Ainsi suis-je entré dans nouvelle vie “professionnelle” qui s’est avérée être une “nouvelle vie” tout court. Un métier exercé sans aucun doute passionnément s’est transmuté, est devenu une passion et une Passion avec une mission, englobant l’entièreté d’une vie et devenant cette vie même, bien qu’elle fût sur le point d’entrer dans son hiver mais comme si l’hiver pouvait malgré tout dissimuler un renouveau. Effectivement, tout a changé dans ce bouleversement que j’ai vécu avant de l’identifier, jusqu’à prendre sa mesure extraordinaire comme je le fais présentement. Désormais, les “sources” dans cette façon que j’ai décrite et selon ce qu’elles représentent dans ce cas m’indiffèrent absolument ; c’est simple, vous me proposeriez de rencontrer, off the record, un ministre d’une de nos contrées BAO que je ne trouverais pas le temps pour le faire parce que le temps qui me reste doit être utilisé utilement, et qu’il est donc temps venu d’être sérieux... Je n’ai plus rien, dans ma démarche, d’un policier ou d’un enquêteur, éventuellement d’un idéologue-inquisiteur, comme ceux que les journalistes “professionnels” se plaisent souvent à singer sans s’en aviser. (Je ne les en blâme pas dans le principe, sauf pour l’idéologue, mais ce n’est plus la même boutique.) Le FBI peut mettre dedefensa.org sur écoute si cela lui chante, il n’obtiendra jamais la moindre indication de quelque importance pour ses manigances. (Cela risque d’ailleurs de l’affoler complètement, et de déclencher une tempête intérieure considérable, ce qui est extrêmement plaisant, et un acquis de plus de notre “révolution”.) Rien n’est caché, tout se trouve sur le site et se lit à livre ouvert, plus ou moins facilement selon le texte, l’humeur et le sujet, sans nécessité de contact dissimulé avec quelque “source” mystérieuse.
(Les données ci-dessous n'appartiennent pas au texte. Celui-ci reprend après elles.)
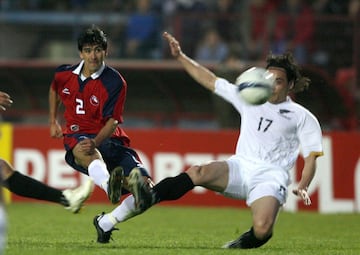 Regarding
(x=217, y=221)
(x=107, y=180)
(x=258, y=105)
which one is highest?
(x=258, y=105)

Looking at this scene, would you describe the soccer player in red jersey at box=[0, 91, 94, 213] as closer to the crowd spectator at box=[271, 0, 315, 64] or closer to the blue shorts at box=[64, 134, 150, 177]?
the blue shorts at box=[64, 134, 150, 177]

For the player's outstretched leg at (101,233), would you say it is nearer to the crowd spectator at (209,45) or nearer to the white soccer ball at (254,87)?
the white soccer ball at (254,87)

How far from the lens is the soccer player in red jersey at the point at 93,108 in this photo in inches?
412

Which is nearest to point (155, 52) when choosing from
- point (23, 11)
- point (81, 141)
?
point (23, 11)

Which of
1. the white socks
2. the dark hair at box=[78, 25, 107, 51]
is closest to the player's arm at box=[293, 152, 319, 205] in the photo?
the white socks

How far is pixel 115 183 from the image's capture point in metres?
→ 9.61

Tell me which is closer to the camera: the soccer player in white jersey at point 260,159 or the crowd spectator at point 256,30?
the soccer player in white jersey at point 260,159

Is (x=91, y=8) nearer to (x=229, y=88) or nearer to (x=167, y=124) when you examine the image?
(x=167, y=124)

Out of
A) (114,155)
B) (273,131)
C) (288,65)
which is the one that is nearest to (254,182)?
(273,131)

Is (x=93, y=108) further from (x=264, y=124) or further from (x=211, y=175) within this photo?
(x=264, y=124)

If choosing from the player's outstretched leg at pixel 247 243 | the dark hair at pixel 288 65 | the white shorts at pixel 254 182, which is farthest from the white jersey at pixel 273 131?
the player's outstretched leg at pixel 247 243

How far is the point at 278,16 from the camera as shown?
65.9 ft

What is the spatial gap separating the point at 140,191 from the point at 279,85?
1737mm

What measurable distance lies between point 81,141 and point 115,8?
38.0 feet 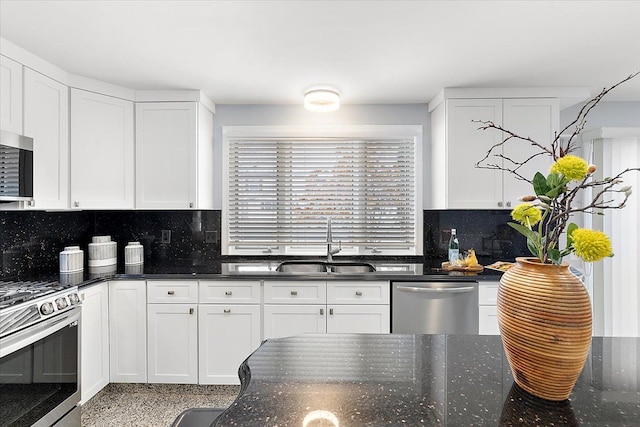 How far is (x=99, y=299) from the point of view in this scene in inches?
96.3

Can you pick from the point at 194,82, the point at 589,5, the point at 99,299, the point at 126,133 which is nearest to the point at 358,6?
the point at 589,5

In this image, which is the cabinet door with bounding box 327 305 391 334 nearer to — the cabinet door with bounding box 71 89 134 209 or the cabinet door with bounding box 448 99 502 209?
the cabinet door with bounding box 448 99 502 209

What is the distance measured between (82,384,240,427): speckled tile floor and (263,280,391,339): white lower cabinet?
61 centimetres

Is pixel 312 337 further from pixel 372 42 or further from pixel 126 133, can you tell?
pixel 126 133

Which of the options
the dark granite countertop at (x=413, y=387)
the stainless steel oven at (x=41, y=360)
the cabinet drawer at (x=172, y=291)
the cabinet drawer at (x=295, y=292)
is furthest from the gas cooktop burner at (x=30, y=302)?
the dark granite countertop at (x=413, y=387)

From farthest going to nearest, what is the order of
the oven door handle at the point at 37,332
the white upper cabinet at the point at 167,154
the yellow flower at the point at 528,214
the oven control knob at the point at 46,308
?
the white upper cabinet at the point at 167,154 < the oven control knob at the point at 46,308 < the oven door handle at the point at 37,332 < the yellow flower at the point at 528,214

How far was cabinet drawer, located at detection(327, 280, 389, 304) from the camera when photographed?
2.54 m

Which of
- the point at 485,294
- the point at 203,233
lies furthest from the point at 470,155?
the point at 203,233

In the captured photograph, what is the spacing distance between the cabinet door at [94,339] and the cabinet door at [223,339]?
0.66 meters

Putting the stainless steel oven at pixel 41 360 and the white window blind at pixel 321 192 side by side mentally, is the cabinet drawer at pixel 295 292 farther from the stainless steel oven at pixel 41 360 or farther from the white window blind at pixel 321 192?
the stainless steel oven at pixel 41 360

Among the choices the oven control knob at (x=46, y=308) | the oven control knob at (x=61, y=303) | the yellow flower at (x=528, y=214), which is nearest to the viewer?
the yellow flower at (x=528, y=214)

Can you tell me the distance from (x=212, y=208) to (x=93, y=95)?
1.26m

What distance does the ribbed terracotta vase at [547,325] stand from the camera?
2.49 ft

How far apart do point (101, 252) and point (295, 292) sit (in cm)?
160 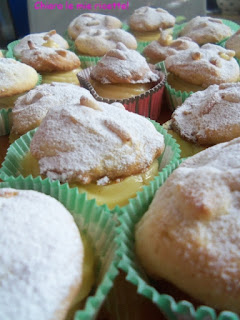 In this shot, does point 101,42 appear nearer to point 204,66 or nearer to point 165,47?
point 165,47

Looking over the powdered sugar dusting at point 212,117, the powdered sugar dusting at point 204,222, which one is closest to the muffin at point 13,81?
the powdered sugar dusting at point 212,117

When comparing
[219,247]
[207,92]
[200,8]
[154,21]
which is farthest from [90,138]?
[200,8]

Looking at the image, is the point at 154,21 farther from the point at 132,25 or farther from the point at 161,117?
the point at 161,117

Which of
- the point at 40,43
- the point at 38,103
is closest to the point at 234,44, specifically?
the point at 40,43

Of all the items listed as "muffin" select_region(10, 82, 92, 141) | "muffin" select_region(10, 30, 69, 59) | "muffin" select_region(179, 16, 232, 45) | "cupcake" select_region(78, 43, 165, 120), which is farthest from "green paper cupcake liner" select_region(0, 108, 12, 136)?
"muffin" select_region(179, 16, 232, 45)

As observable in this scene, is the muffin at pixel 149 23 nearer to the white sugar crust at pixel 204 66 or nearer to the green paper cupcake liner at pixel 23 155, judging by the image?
the white sugar crust at pixel 204 66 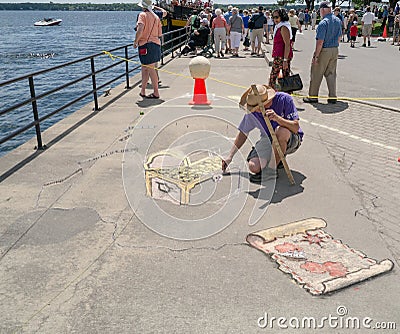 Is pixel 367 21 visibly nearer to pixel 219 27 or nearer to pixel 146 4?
pixel 219 27

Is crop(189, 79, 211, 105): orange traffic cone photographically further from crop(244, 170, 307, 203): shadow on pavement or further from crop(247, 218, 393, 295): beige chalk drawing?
crop(247, 218, 393, 295): beige chalk drawing

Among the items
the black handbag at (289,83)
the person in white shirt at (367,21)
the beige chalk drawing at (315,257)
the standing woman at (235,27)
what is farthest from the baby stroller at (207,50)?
the beige chalk drawing at (315,257)

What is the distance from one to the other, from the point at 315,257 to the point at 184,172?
2220mm

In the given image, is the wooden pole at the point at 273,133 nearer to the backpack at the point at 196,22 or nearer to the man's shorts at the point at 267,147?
the man's shorts at the point at 267,147

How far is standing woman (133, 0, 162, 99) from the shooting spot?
28.5 feet

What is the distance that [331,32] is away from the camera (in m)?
8.64

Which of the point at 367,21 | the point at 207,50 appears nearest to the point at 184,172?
the point at 207,50

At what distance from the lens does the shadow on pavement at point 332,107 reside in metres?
8.48

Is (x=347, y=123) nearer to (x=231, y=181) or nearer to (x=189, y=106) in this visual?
(x=189, y=106)

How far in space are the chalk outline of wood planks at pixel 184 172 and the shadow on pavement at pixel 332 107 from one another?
368 centimetres

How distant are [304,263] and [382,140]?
3.97m

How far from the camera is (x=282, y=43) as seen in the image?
8.48 m

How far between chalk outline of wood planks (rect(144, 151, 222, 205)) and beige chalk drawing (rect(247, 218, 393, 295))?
1.12m

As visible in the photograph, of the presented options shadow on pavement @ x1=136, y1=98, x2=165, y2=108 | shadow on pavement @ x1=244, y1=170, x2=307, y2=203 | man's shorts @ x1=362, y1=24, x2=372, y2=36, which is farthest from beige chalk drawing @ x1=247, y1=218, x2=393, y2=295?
man's shorts @ x1=362, y1=24, x2=372, y2=36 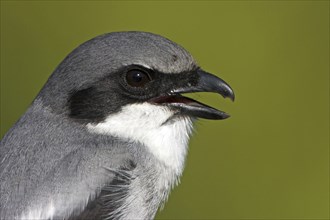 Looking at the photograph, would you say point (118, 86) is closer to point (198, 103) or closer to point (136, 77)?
point (136, 77)

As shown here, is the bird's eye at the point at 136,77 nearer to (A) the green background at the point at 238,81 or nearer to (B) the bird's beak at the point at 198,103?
(B) the bird's beak at the point at 198,103

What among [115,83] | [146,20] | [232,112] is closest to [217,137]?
[232,112]

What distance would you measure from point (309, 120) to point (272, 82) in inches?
15.6

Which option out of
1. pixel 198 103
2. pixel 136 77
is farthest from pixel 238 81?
pixel 136 77

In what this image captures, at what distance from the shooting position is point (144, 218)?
4.58 m

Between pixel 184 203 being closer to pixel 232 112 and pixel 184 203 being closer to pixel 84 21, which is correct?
pixel 232 112

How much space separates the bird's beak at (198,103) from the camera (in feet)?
Result: 15.5

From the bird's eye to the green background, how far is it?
1.54 m

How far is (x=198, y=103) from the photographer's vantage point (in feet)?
15.8

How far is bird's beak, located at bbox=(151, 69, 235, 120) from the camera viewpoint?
4723 mm

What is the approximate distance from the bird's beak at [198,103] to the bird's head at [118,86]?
2 centimetres

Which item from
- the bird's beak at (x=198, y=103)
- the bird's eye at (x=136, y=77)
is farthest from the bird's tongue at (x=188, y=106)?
the bird's eye at (x=136, y=77)

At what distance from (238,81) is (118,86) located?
7.22ft

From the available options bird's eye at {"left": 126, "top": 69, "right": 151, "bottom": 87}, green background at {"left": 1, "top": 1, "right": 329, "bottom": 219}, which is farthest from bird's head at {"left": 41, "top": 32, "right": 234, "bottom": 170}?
green background at {"left": 1, "top": 1, "right": 329, "bottom": 219} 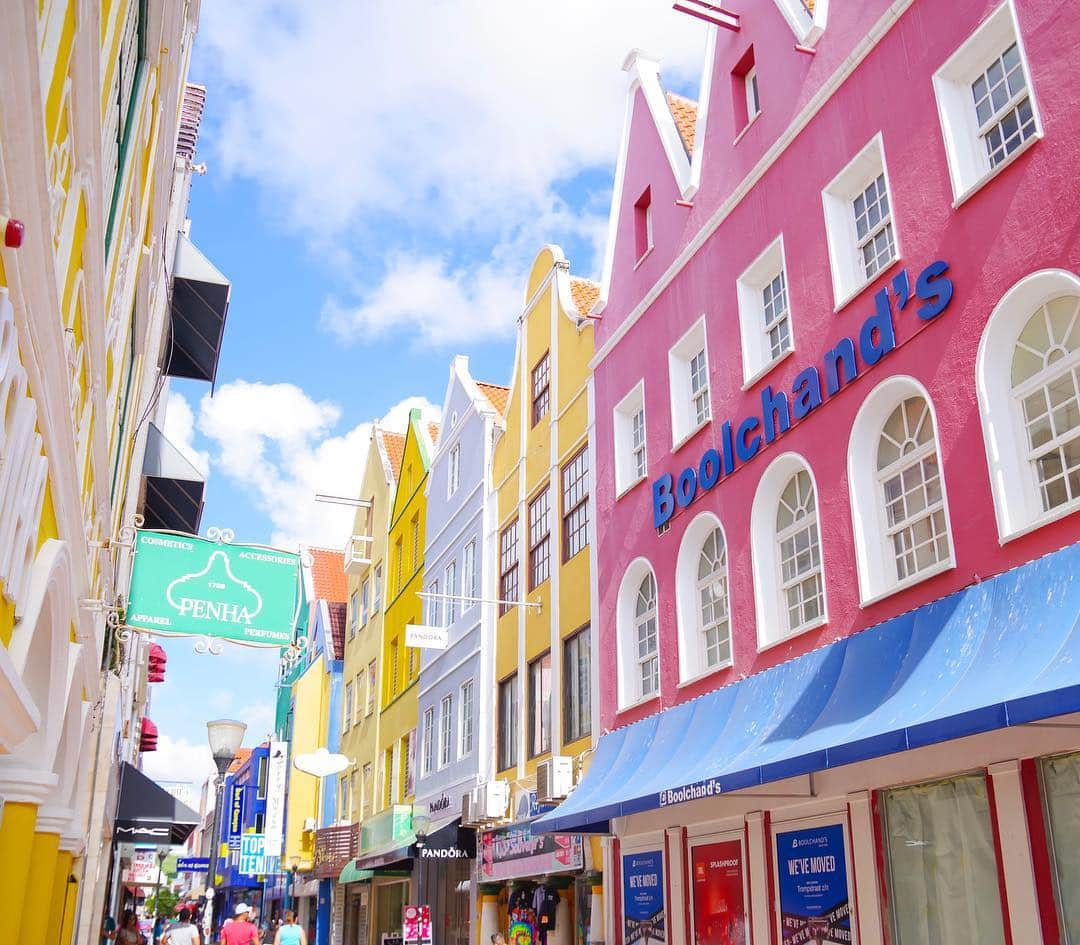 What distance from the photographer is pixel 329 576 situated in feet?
146

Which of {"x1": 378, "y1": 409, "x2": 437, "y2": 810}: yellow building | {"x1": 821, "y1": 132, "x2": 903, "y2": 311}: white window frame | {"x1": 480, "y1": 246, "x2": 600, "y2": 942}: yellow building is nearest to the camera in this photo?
{"x1": 821, "y1": 132, "x2": 903, "y2": 311}: white window frame

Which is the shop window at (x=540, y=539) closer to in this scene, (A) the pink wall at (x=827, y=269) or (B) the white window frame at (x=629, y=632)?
(A) the pink wall at (x=827, y=269)

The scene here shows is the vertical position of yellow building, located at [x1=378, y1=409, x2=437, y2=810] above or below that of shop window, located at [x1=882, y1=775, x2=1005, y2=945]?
above

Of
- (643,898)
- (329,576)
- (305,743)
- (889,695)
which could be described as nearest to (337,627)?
(305,743)

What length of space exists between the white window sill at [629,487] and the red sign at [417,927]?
22.4 feet

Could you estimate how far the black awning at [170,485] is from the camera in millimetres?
15578

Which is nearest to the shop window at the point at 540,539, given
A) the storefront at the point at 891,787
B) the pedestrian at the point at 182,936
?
the storefront at the point at 891,787

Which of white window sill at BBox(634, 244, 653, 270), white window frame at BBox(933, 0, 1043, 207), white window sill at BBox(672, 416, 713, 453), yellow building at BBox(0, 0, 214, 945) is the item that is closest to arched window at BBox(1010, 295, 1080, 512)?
white window frame at BBox(933, 0, 1043, 207)

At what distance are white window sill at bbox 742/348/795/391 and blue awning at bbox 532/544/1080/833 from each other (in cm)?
339

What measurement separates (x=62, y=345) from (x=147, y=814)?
573 inches

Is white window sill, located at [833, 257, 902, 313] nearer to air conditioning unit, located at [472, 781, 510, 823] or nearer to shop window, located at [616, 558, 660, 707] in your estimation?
shop window, located at [616, 558, 660, 707]

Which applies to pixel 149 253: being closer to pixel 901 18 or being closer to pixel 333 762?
pixel 901 18

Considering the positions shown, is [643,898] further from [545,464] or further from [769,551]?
[545,464]

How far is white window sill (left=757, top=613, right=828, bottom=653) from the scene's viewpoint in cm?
1102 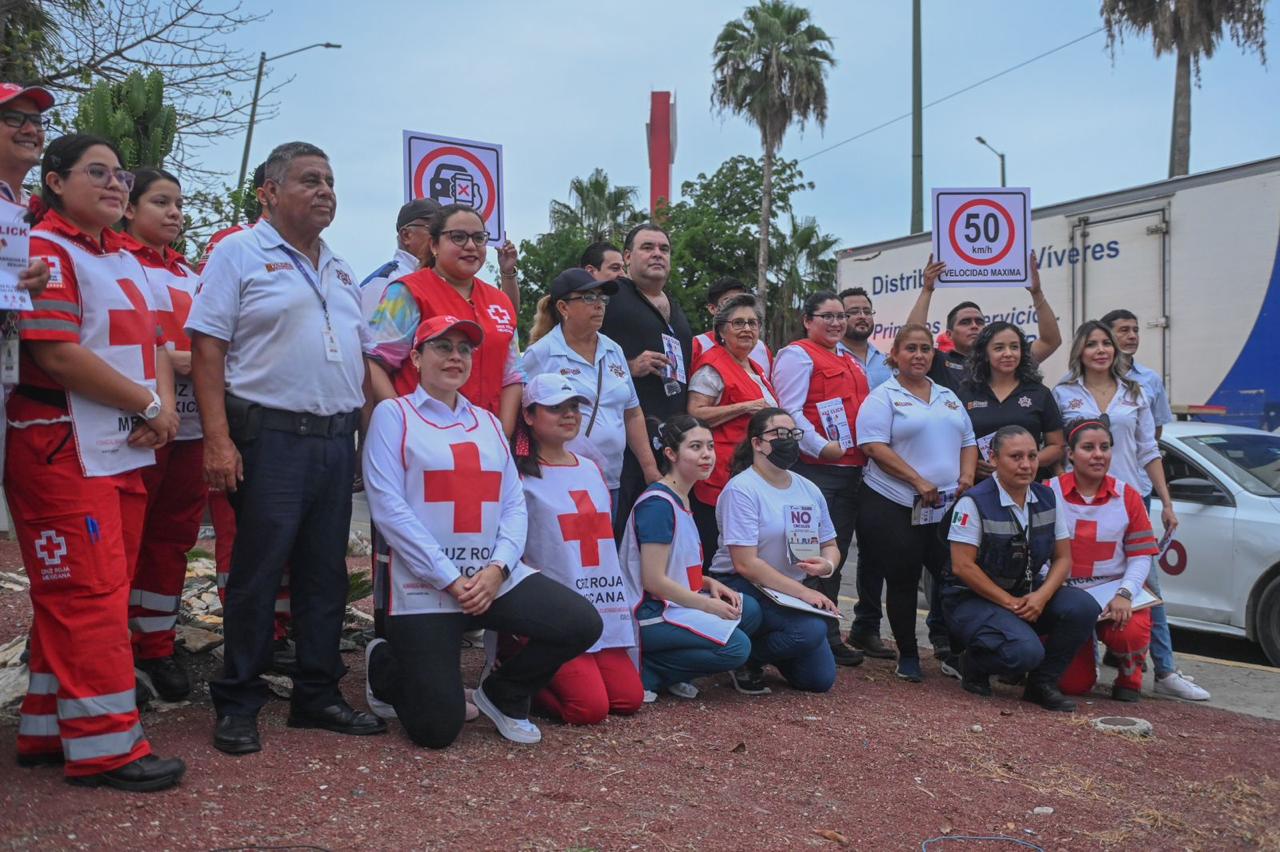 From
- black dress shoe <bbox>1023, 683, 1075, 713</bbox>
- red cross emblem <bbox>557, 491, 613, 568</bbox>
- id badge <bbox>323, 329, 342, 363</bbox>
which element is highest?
id badge <bbox>323, 329, 342, 363</bbox>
Pour cette raison, l’affaire FBI/AP m’a paru complètement dépassée et, dans tous les cas, complètement étrangère à moi-même ... Qu’on en fasse un scandale, fort bien puisque cela ébranle un peu plus cette charpente pourrie et mangée par les termites du Système ; qu’on examine les attitudes, les mœurs et les psychologies pour mesurer également l’ampleur que prendrait le dit-scandale, fort bien tout cela ; mais ce n’est pas mon intérêt “professionnel” ni mon domaine qui sont concernés. (Ce n’est certes pas pour rien que la victime, AP, est aussi l’un des plus éminents collaborateurs du Système, – autodestruction à plein régime, bien entendu et parfaitement, mais effectivement loin de mes activités.)

Pour revenir au principal en finissant avec l’essentiel, en traduisant ce que j’ai dit plus haut dans les termes de ce jargon général de dedefensa.org qui permet de mieux développer les conceptions qui parcourent ce site et l’animent, je dirais encore l’intérêt prodigieux que je trouve dans ce phénomène principal de l’hyper-modernité, du Système accouchant l’internet. Le Système qui prétend tout englober en-dedans de lui-même, enfermer tout cela dans un hermétisme de fer, donne ainsi le moyen de s’extraire de lui-même et de pouvoir le jauger et le juger pour ce qu’il est, du dehors de lui. Mieux encore, et pire pour lui-même, il nous donne un moyen, un outil-paradoxe qui, s’il est bien utilisé, permet pour soi-même de retrouver cette ouverture sublime de l’inconnaissance (voir aussi cette chronique au 19 avril 2013), faisant ainsi de son échappatoire de lui-même une occasion grandiose d’initier sa pensée aux vertus les plus hautes.

Ce Système-là est au terme, certes sur le point de rencontrer son destin catastrophique.

Philippe Grasset


Note

(1) L’on observera aussitôt, si l’on a le cuir sensible, que dedefensa.org utilise parfois de cette sorte d’expressions de “nos sources”, ou “des sources...”, etc. C’est justement le cas mentionné dans les mots qui suivent, et le langage ne doit pas tromper une seconde.